Diving into the Bible is a great way to read the stories of people who struggled in their lives and turned to God for comfort. You can start by reading the Psalms to look at followers of God who trusted God through their hardships.
“Quiet time and devotional time are immensely valuable to help maintain a clear mental space and be in connection with Christ,” Frick says. “Giving yourself a safe space like that to process heaviness and stress is really helpful.”
Know You Aren’t Alone.
The same challenges that are affecting your mental health are impacting the mental health of college students everywhere. As you struggle with the stress of living in a new place, know that there are others around you who are dealing with the same issues.
“Everyone around you is always going through something, so being graceful and kind to others is really important,” Frick says. “When you’re in that mindset, it can help you create a mental space of being kind to yourself as well.”
It’s important to push yourself out of your comfort zone so you can feel connected in your new environment, but don’t forget to take a step back if you feel overwhelmed. Your family and friends are ready to face these obstacles alongside you.

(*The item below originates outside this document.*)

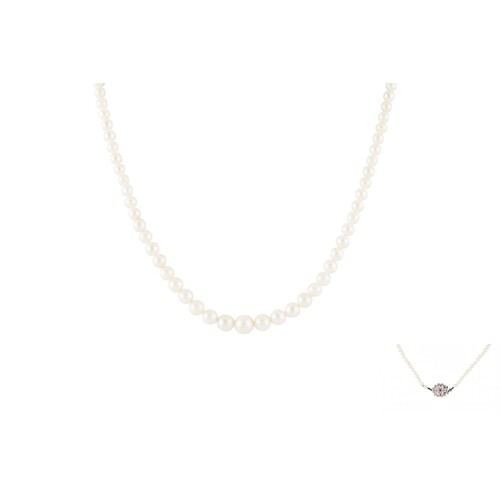 A CULTURED PEARL NECKLACE, to a diamond and ruby 18ct gold c...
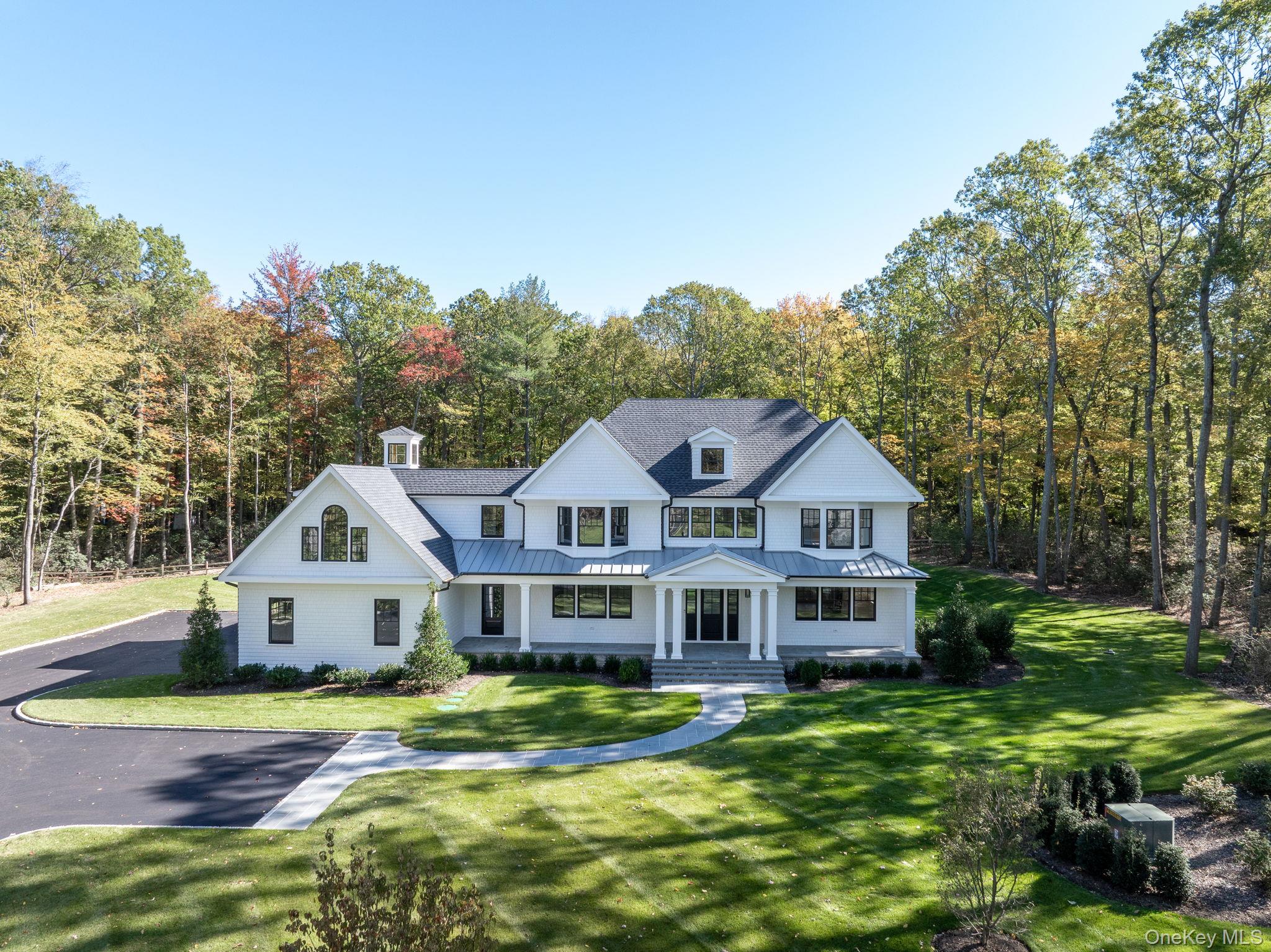 66 Saw Mill Road Cold Spring Harbor, NY 11724 - Photo 5 of 40 a front view of a house with a yard table and chairs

It’s Okay to Ask For Help.
Asking for help might not be your first response, but it can make all the difference between when in comes to the mental health of college students.
If you’re worried about college classes, there are campus resources like the Learning Center that can help you understand the course material and bring up your grades once you get to campus.

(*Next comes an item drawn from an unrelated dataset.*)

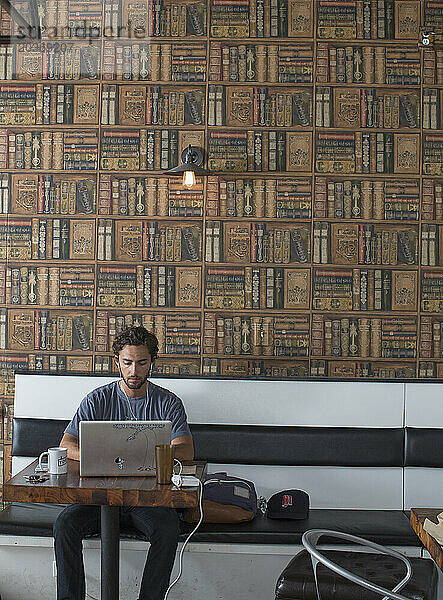 Ein Mann sitzt in einem Café und arbeitet an seinem Laptop.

Support systems exist to encourage you, but they can only do so if you open up to them about how you’re doing. Be honest with your friends if you’re worried about transitioning to college. Even if you’re unsure of what your friends can do to help, bringing up your feelings and concerns is the first step to getting the support you need.
The transition to college may not always be easy, but you can face this challenge knowing you have the strength of the Lord on your side. As you prepare for the life changes ahead of you, you can prepare to have positive mental health in college before you even get to campus.
“Entering college, there are a lot of changes, some expected and a lot unexpected,” Frick says. “If you are able to gently ease into being open to change and what the Lord can do through it, I think that can be really beneficial as you prepare yourself for freshman year.”
If you find yourself struggling with your mental health in college, counseling could be your next step. Counselors can provide assistance as you face your new environment and adjust to college life. The mental health is important, and no one should have to go through these challenges alone.